The board of directors is a governing body of an organisation that oversees the company’s management and sets strategies for the business. In the case of public companies, board members are elected by shareholders. Typically, the board of directors come together at regularly scheduled meetings. And, for example, some of the topics on the board of directors’ agenda are mergers and dividends, hiring senior managers and setting their pay.
In principle, the board of directors can readily meet to devise a strategic plan and discuss the next steps if any urgent matters arise. But even though this may be the ideal situation, this is simply not realistic for all boards, particularly ones with many members scattered across the country, or world. Because of these logistical challenges, many boards of directors form an executive committee – a subset, or a subcommittee within the board of directors.
The Business Dictionary defines the executive committee as a “group of directors appointed to act on behalf of, and within the powers granted to them by, the board of directors. Typically, it consists of a chairperson, vice-chairperson, secretary, and treasurer.” The executive committee generally consists of senior-level executives and board officers, but the organisation's bylaws delineate exactly who serves on the executive committee.
The executive committee is a smaller group of individuals chosen by their peers to address urgent issues. This group of leaders often meet with little notice to make decisions about urgent matters that could be consequential for the organisation. For example, there are certain repetitive and standard financial and legal matters that do not require full board meetings. So this is where an executive committee would come in and attend to these issues on behalf of the board. Another example is when the board needs a place to appraise controversial ideas. An executive committee would be beneficial to study important issues and then present the findings and insights to the full board.
The line between the board of directors and the executive committee can be a bit blurry, as the latter is a subcommittee of the former. Therefore, we have outlined seven key differences between boards and their executive committees to help differentiate the two groups for you.

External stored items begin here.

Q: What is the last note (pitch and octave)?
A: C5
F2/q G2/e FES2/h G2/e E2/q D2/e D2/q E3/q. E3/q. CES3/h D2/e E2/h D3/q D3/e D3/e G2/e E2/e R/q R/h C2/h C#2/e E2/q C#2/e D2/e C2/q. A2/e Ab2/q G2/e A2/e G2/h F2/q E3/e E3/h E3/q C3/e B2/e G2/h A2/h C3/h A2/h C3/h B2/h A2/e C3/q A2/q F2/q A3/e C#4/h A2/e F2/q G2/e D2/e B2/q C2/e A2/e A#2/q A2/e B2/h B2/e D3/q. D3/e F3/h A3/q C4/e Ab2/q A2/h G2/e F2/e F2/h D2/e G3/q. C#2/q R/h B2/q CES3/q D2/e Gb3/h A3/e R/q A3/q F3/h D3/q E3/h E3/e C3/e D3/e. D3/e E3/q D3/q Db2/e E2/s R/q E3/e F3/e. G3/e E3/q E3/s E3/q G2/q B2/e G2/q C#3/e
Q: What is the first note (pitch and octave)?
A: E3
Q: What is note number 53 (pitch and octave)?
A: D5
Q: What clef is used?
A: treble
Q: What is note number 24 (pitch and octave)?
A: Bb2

One of the roles of the executive committee is to get together and make decisions quickly when urgent matters arise. However, that is not the executive committee’s only role. It also functions as a steering committee – a committee that provides support, guidance and oversight of progress from a management level. The executive committee also helps make high-level strategic decisions, such as serious high-level workplace issues, organisational oversight and board development.
While the board’s responsibilities revolve around overseeing management and setting and guiding strategy, the executive committee’s responsibilities typically include acting and making decisions on behalf of the board, researching emerging trends, technologies and markets, assessing the CEO’s performance, contributing to board development, managing workplace culture and changing management. These responsibilities are generally laid out in detail by the board.

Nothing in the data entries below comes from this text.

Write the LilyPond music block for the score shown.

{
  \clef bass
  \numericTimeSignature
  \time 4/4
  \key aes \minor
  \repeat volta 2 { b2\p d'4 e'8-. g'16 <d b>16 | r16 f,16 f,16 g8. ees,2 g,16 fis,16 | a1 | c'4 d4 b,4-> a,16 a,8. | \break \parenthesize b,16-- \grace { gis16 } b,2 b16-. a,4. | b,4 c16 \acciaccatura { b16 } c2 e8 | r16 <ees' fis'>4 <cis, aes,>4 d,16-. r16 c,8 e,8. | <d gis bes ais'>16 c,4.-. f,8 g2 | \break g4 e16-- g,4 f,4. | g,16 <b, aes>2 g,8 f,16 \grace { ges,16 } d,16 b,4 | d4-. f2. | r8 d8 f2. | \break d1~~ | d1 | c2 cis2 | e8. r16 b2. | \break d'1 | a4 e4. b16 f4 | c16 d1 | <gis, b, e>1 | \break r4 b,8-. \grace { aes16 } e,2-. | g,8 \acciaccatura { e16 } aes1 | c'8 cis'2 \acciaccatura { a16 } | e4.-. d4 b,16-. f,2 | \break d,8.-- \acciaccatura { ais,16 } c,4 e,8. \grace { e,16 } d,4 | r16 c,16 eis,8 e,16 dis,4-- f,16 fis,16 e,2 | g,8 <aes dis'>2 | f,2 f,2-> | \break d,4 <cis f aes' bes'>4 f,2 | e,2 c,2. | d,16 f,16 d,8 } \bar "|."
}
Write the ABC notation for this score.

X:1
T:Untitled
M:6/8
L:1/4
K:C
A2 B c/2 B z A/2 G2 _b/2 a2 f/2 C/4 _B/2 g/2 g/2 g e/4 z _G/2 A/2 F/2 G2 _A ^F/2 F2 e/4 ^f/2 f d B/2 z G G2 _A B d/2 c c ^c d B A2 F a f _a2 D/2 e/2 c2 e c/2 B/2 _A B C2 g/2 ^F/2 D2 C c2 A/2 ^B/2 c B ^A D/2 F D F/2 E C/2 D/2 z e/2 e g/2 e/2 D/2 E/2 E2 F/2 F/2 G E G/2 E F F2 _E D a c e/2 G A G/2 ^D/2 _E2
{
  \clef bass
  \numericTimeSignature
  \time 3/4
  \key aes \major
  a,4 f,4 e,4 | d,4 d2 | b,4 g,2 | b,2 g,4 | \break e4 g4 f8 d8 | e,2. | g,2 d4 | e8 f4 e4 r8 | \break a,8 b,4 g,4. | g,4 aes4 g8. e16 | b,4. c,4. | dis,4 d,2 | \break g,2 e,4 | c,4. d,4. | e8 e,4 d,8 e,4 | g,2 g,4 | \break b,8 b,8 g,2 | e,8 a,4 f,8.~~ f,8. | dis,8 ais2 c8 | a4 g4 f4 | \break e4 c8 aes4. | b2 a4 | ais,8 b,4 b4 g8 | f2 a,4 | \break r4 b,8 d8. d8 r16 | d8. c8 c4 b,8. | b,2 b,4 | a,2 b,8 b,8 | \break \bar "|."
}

The board will always be larger than the executive committee since the executive committee is a subset of the board. Generally, executive committees range between three to seven members. By design, the executive committee is small, which helps them arrive at decisions quickly. However, it’s important to bear in mind that a potential downfall could be that a small executive committee may lack the authority to make effective decisions.

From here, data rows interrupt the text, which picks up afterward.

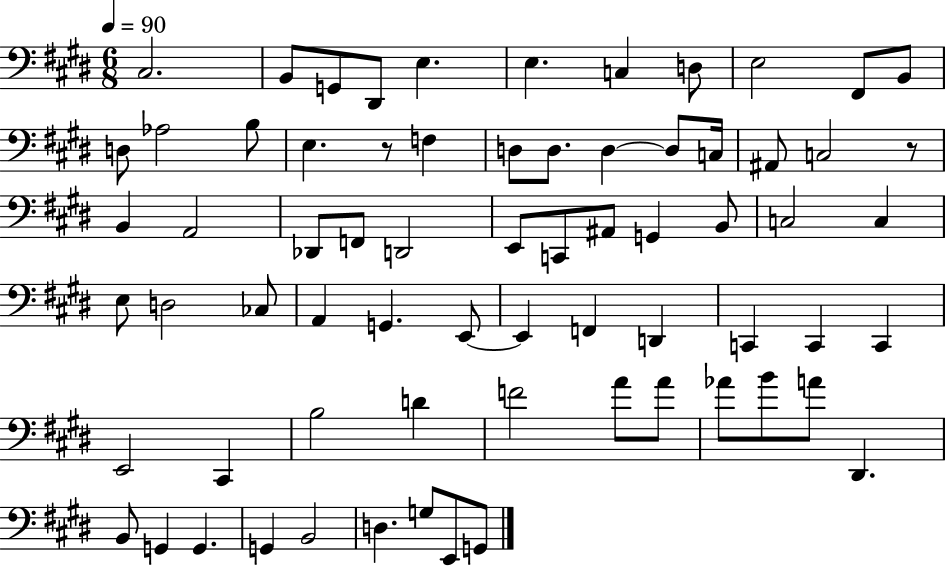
{
  \clef bass
  \numericTimeSignature
  \time 6/8
  \key e \major
  \tempo 4 = 90
  cis2. | b,8 g,8 dis,8 e4. | e4. c4 d8 | e2 fis,8 b,8 | \break d8 aes2 b8 | e4. r8 f4 | d8 d8. d4~~ d8 c16 | ais,8 c2 r8 | \break b,4 a,2 | des,8 f,8 d,2 | e,8 c,8 ais,8 g,4 b,8 | c2 c4 | \break e8 d2 ces8 | a,4 g,4. e,8~~ | e,4 f,4 d,4 | c,4 c,4 c,4 | \break e,2 cis,4 | b2 d'4 | f'2 a'8 a'8 | aes'8 b'8 a'8 dis,4. | \break b,8 g,4 g,4. | g,4 b,2 | d4. g8 e,8 g,8 | \bar "|."
}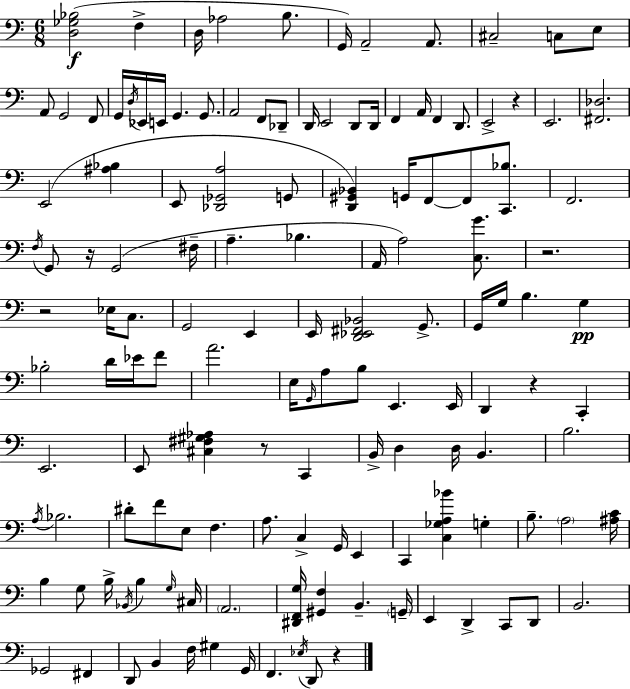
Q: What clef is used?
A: bass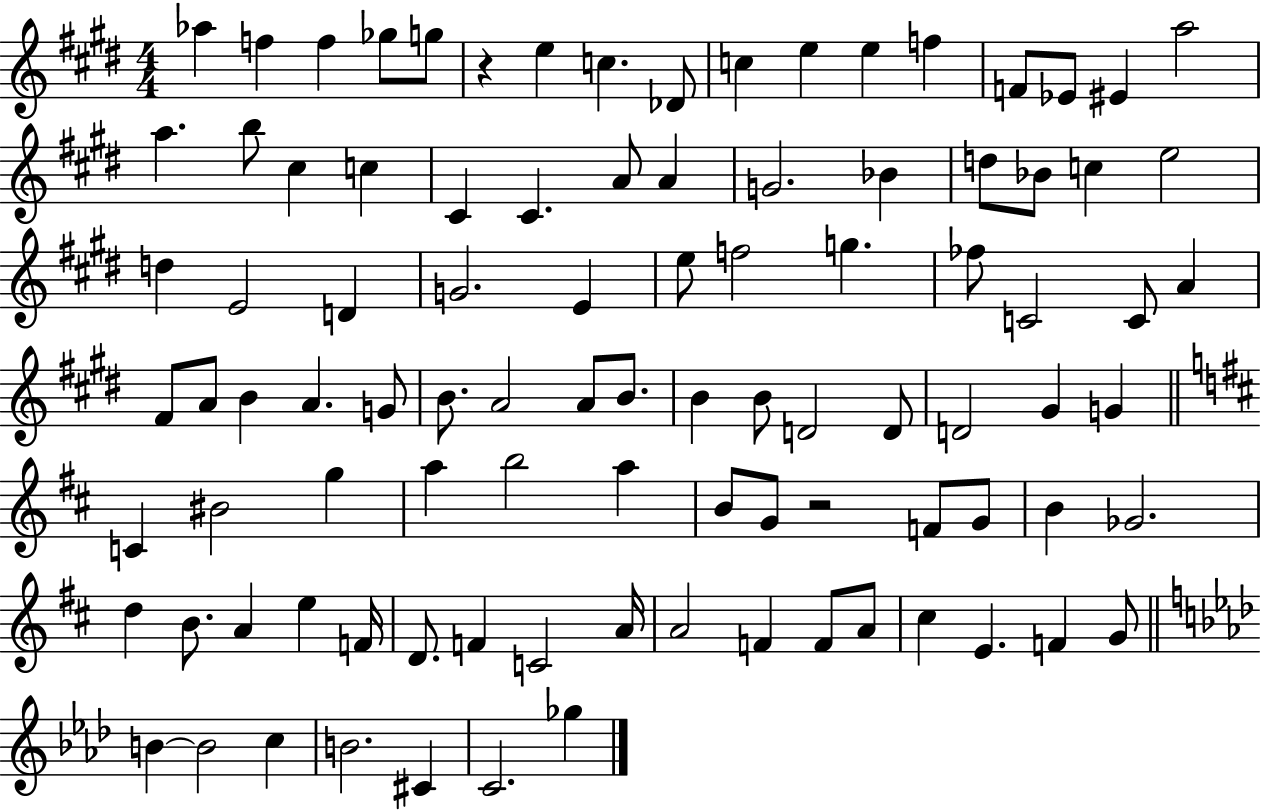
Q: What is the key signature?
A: E major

As mentioned earlier, an executive committee typically consists of a chairperson, vice-chairperson, secretary and treasurer. If necessary, the board can also appoint any extra members to the executive committee. These members could be senior executives, such as managing directors, board members and sometimes the CEO.
5. Meeting frequency
While the board generally only meets two to four times a year, executive committees have a more regular board cycle. Typically, the executive committee meets at least quarterly, if not every two months or even every month. If there is an urgent matter that requires immediate attention, then executive committees may also have ad-hoc meetings.
6. CEO relationship
Oftentimes, the CEO also serves on the executive committee as a liaison between the CEO and the board. However, the committee usually takes the lead in CEO recruitment. They are also responsible for judging the CEO’s performance and reporting it to the board. Due to close relationships with the CEO, these evaluations need to be conducted with integrity and without bias for the benefit of the organisation.
Despite its role as an advisor to the board of directors, the executive committee is also accountable to the board. The committee should enhance and aid the board’s decision making, providing guidance whenever necessary. The committee’s decision also needs to be endorsed by the board in order to become binding on the organisation.